実は消防士さん達が火災の発生を知る手段はいくつかあります。

災害発生の連絡の図

指令電話基本的にはこの指令電話というもので消防署に連絡が来ます。いわゆる119番通報です。火災を発見した人が119番通報をすると指令室という所にまず電話が繋がります。そこで様々な情報の聞き取りをして指令室から各消防署に対して指令電話出動要請が入ります。


加入電話これは消防署に対して直接電話が掛かってくるパターンです。昔からずっと同じ所に住んでいる方や消防署の近所の方だと近くの消防署の電話番号を知っているので、119番通報ではなく直接電話をしてくるパターンもあるんです。
(※この場合、上の指令電話とは順番が逆になるので出動の準備をしながら各消防署から指令室に火災の発生を伝えます。)


駆け付けこれは直接と言う意味で加入電話と少し似てるんですが、「あそこが燃えてます!」って消防署に直接伝えに来るパターンです。例えばご近所さんとかですね。場合によっては消防署から見てを確認できる事もあります。
(※この場合も指令電話とは順番が逆になるので出動の準備をしながら各消防署から指令室に火災の発生を伝えます。)


地図で火災現場と消火栓の場所を確認する

次に通報があった場所の確認をします。確認方法は消防署の指令端末のPCで地図を見るか、機関員(運転手)の場合は、実際に自分が街中を調査して作った自分だけの地図を見ます。(※消火栓の場所などが詳しく書かれています)

ここで消火栓というものについて簡単に説明させてもらいますね。街中で見た事ある人もいると思うんですが、火災の現場で水を出すためには消火栓の蓋を開けて消防車まで水を引き上げなければいけません。なので火災の現場に行く前の消火栓の場所の確認はとても重要なんです。

消火栓の写真
消火栓の写真

隊長隊長は通報を聞いた後に消防服を着ながら、機関員(運転手)と一緒にどこの消火栓を使うか地図上で確認をし合います。


機関員(運転手)機関員とは消防車の運転手の事です。

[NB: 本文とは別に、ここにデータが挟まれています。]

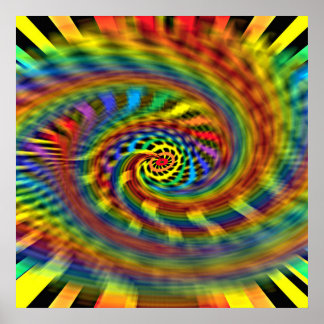Affiche Tornade arc-en-ciel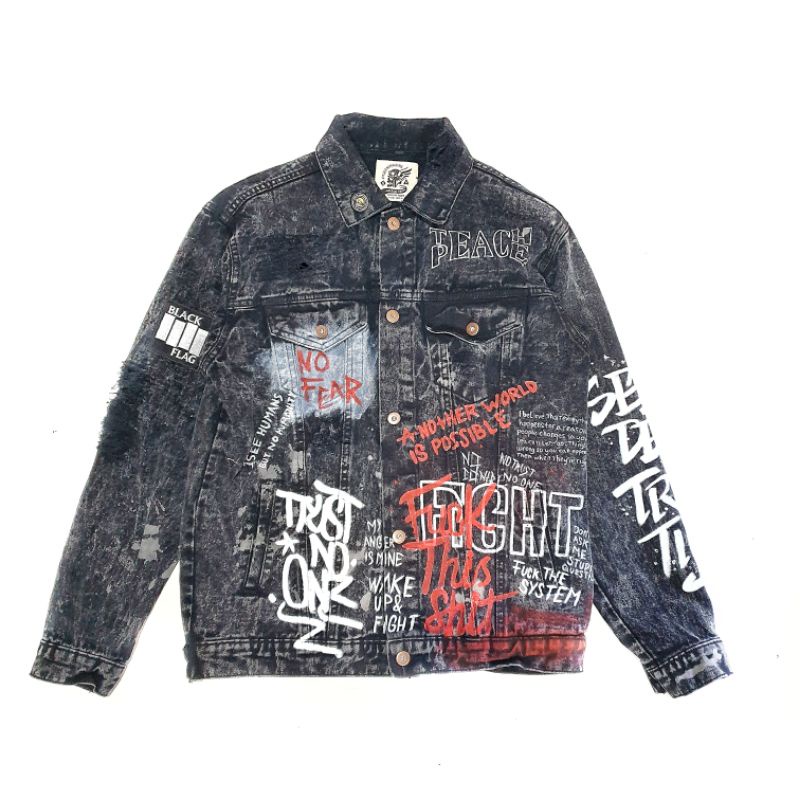 GALFINC JAKET JEANS LUKIS BLACKSTONE LIMITED EDITION - NO FEAR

(※以後機関員と呼びます。)機関員は火災現場を地図で確認した後、どこの消火栓を使うか隊長に報告します。


隊員達消防服を着て誰よりも早く消防車に乗り込みます。隊長と機関員が乗ったらすぐ出発出来る状態です。隊長からは隊員達はとにかく早く消防車に乗ってくれ!消火栓の場所は余裕があれば確認するくらいでいい」と言われていましたね。


消防車の中でのやりとり

そしていざ出動です!
消防車の中でどんなやりとりが行われているのかお話しします。

消防車の写真

火災現場の状況確認(追加指令など)最初の通報を受けて住所などは既に言われていますが、追加で「逃げ遅れている方がいる」「住所の訂正」など様々な情報が入ってくる事が多々あります。ですので、火災現場に到着するまで車の中でしっかりと情報を聞き続け臨機応変に対応します。

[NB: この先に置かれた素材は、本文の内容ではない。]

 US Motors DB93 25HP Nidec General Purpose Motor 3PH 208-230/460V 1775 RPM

車両のGPSや消防無線で他の部隊の位置確認先ほど消火栓の話をしましたが、実は早いもの勝ちなんです。どういうことかと言うと、当たり前ですが基本的に1番早く火災現場に到着した部隊が火災現場に1番近い消火栓を使います。
火災現場には大体5隊ほど消防車が出動しますので、GPSで他の部隊の位置確認をしながら最終的に自分達の部隊が使う消火栓を決定します。
ですので、1番最初の通報を受けた段階で機関員は消火栓を1つだけではなく3つくらい選定しておきます。

機関員
機関員

もしここの消火栓を先に取られてしまったらこっちの消火栓を使おう。


活動方針の確認火災の通報が入った時点で消防士さん達は大体どういう活動になりそうかをイメージしています。

指令室
指令室

火災の現場は○市○番地◯◯団地4階○○号室

隊員達
隊員達

団地の4階かー。じゃあホースは4階から吊り下げかなー。

ホース吊り下げ?

すいません。分かりませんよね。

まあホースの吊り下げって言葉のままなんですけど。
ちょっと想像して欲しいんです。
団地のような場所の階段を1階から4階まで当たり前にホースを伸ばすとどうなると思いますか?
グルグル巻きにに伸びちゃいますよね。こんな伸ばし方をするとホースにしっかり水が乗りません。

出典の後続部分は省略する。